New law a threat to transitional justice 

In 2012, a structured transitional justice process was initiated by the government at that time, the so-called ‘troika’ led by the moderate Islamist Ennahda party in coalition with two smaller secularist parties. The transitional justice law provides the legal basis for also dealing with economic crimes because it places corruption and embezzlement within the mandate of the transitional justice project.

The Truth and Dignity Commission established in 2014 can investigate these economic crimes and victims can be acknowledged as such. A sub-commission of the Truth and Dignity Commission furthermore deals with arbitration in the realm of economic crimes (which is not possible for human rights violations). With Ben Ali gone but the ‘system’ still in place, many have put their faith in the transitional justice process to dismantle underlying clientelist structures, as there is a strong lack of trust in pre-existing institutions and the ‘ordinary’ justice system

However, in 2015 President Béji Caid Essebsi first initiated a draft ‘economic reconciliation law’ that would decisively curtail the Truth and Dignity Commission’s mandate and create competing competences for corruption, embezzlement and economic crimes. In fact, it would provide avenues for corrupt businessmen to discretely ‘buy themselves out’ of legal trouble with payments to a so-called ‘development fund’ – without dismantling the underlying “wheelwork of corruption”. 

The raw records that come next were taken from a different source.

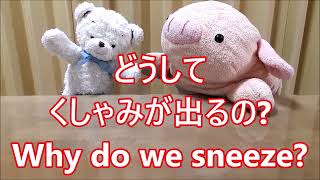 平日毎日更新【３０秒で薬局英会話】「どうしてくしゃみが出るの？」「ウィルスやゴミが肺に入るのを防ぐためです。」〔#372〕English conversation at the pharmacy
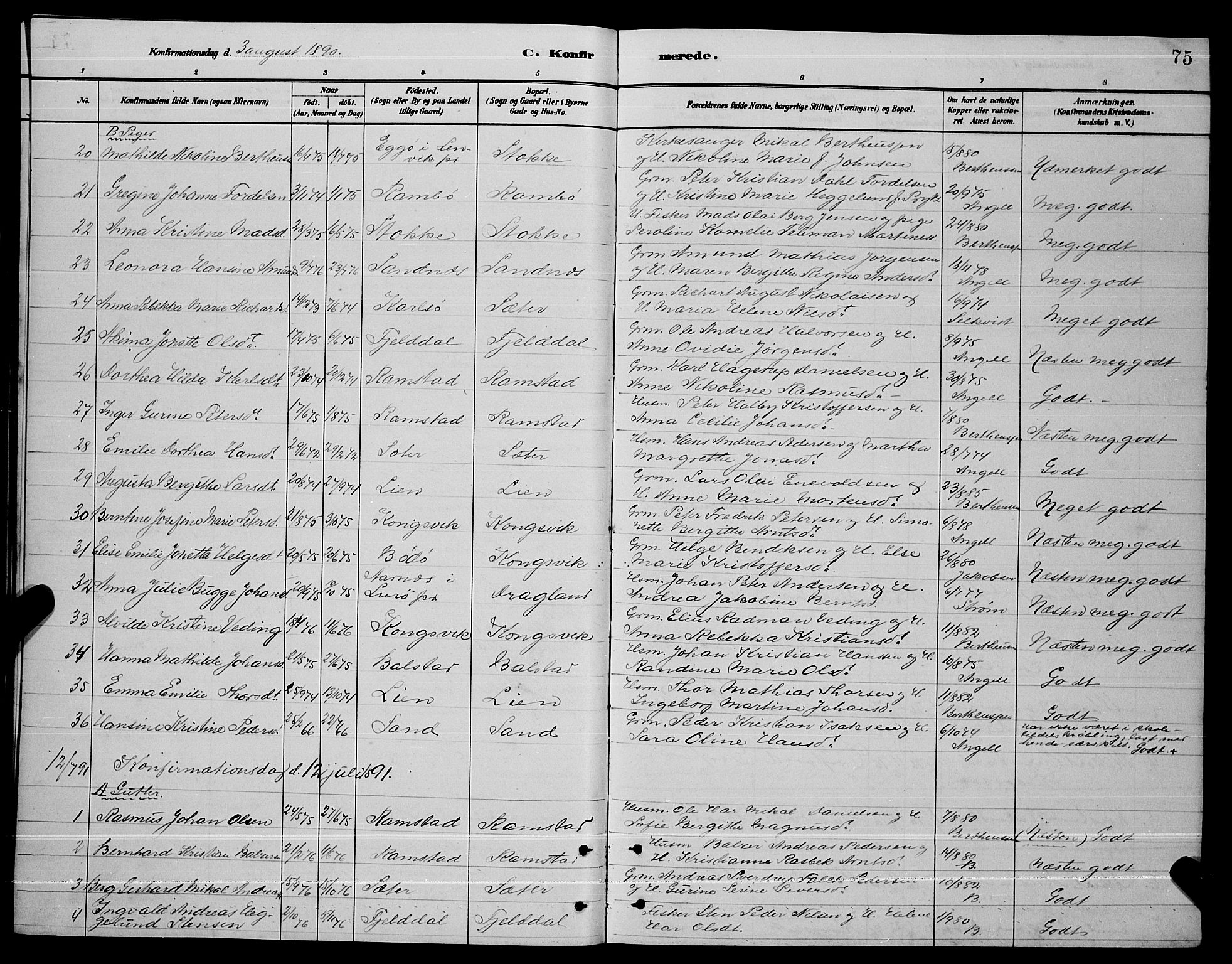 Ministerialprotokoller, klokkerbøker og fødselsregistre - Nordland, AV/SAT-A-1459/865/L0931: Parish register (copy) no. 865C03, 1885-1901, p. 75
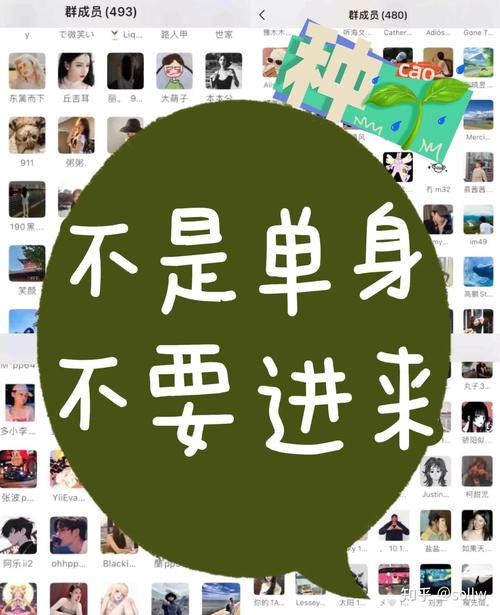 单身求爱客户端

Borrowing transitional justice terminology and framing the draft law as a ‘reconciliation’ initiative shows the attempt to undermine the structured transitional justice process. The bill, which has been rejected by the Assembly of the Representatives of the People before, has been reintroduced to Parliament in April, but is still meeting resistance.

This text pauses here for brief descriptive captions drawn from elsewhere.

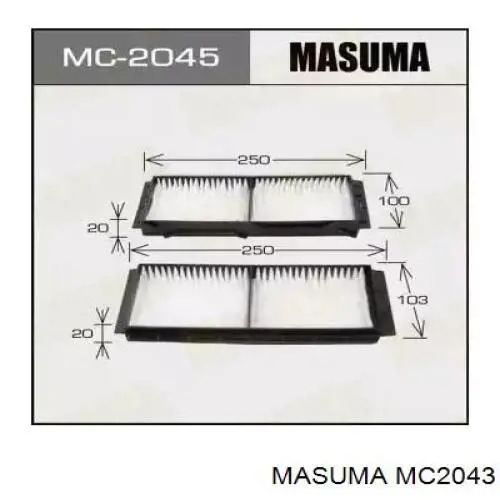 AC2904 JS Asakashi Filtro antipolen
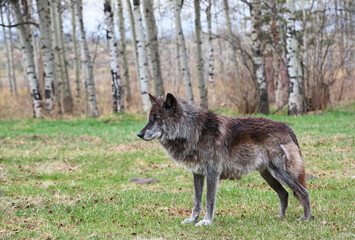 Black Wolfdog alpha - Canada
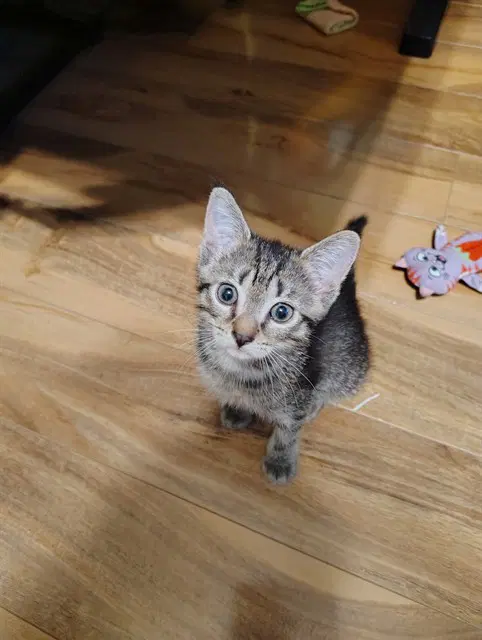 Tater Tot - Domestic Short Hair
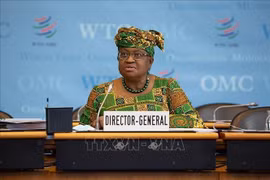 Tổng giám đốc WTO: Tình trạng bất bình đẳng về vaccine vẫn còn nhiều thách thức
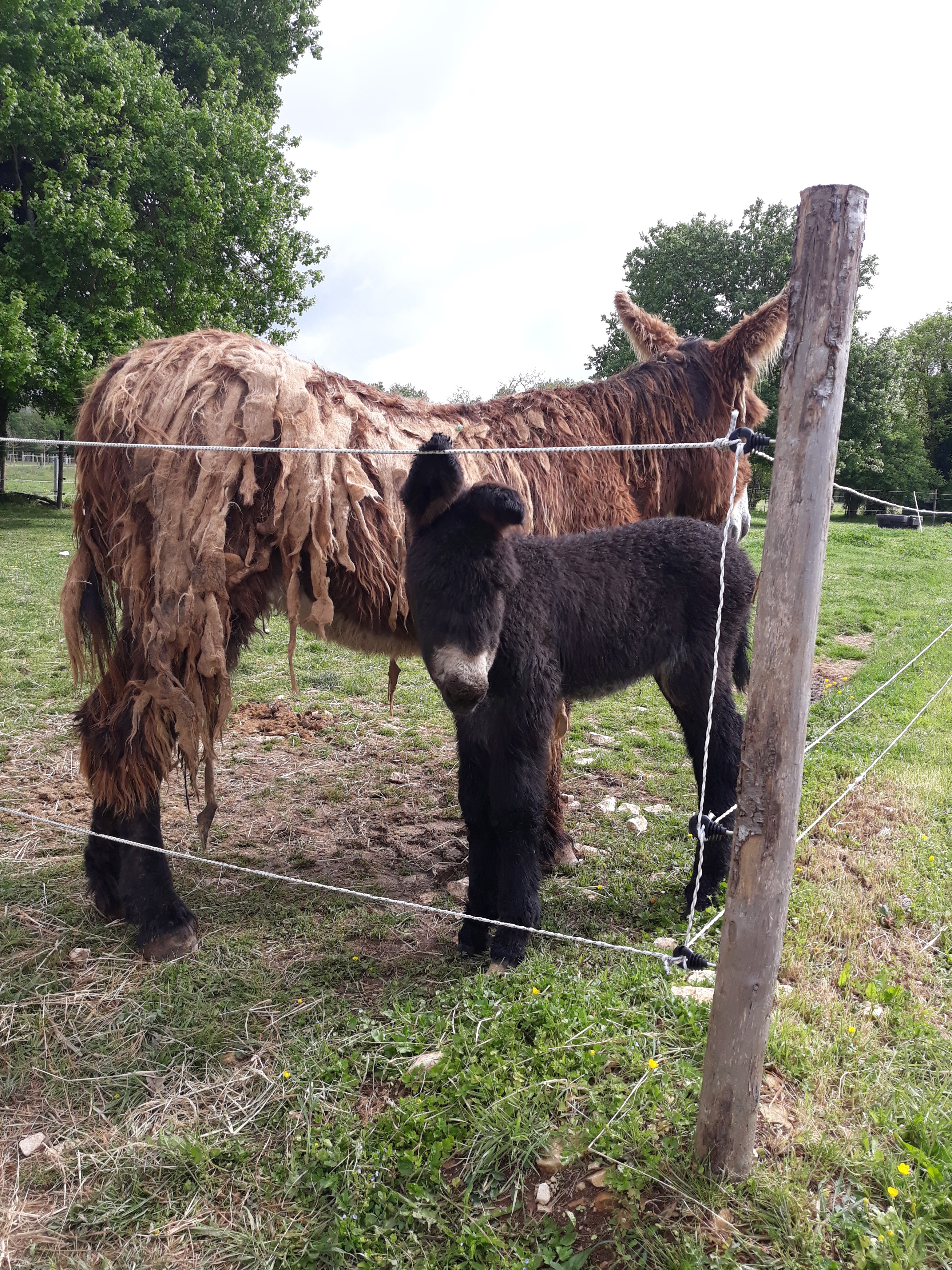 Photo n° 5 de l'avis de Nathalie.i fait le 28/04/2019 à 10:40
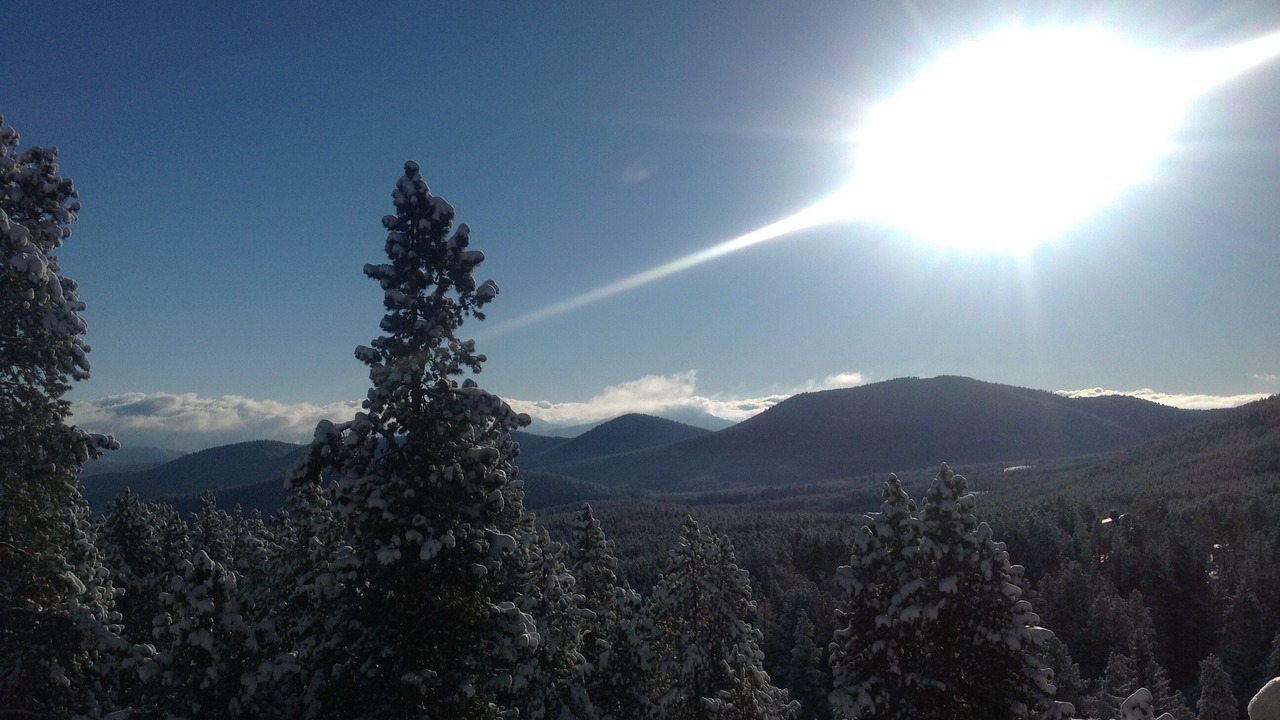 Photo of Others in Evergreen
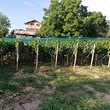 Small house with a fruit garden for sale near Hisarya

The protest movement in rural Tunisia

The campaign Manich Msamah has just entered its third round of mobilization against the reconciliation law, and many view the campaign as the only expression of public discontent with the way political elites deal with favoritism. In fact, there are larger numbers and more geographically diffuse protests in the socioeconomically marginalized interior regions of Tunisia. They are usually contextualized as public outrage at unemployment and regional marginalization - which they also are. But what is often forgotten is that the triggers of these protests in many cases are corrupt recruitment procedures.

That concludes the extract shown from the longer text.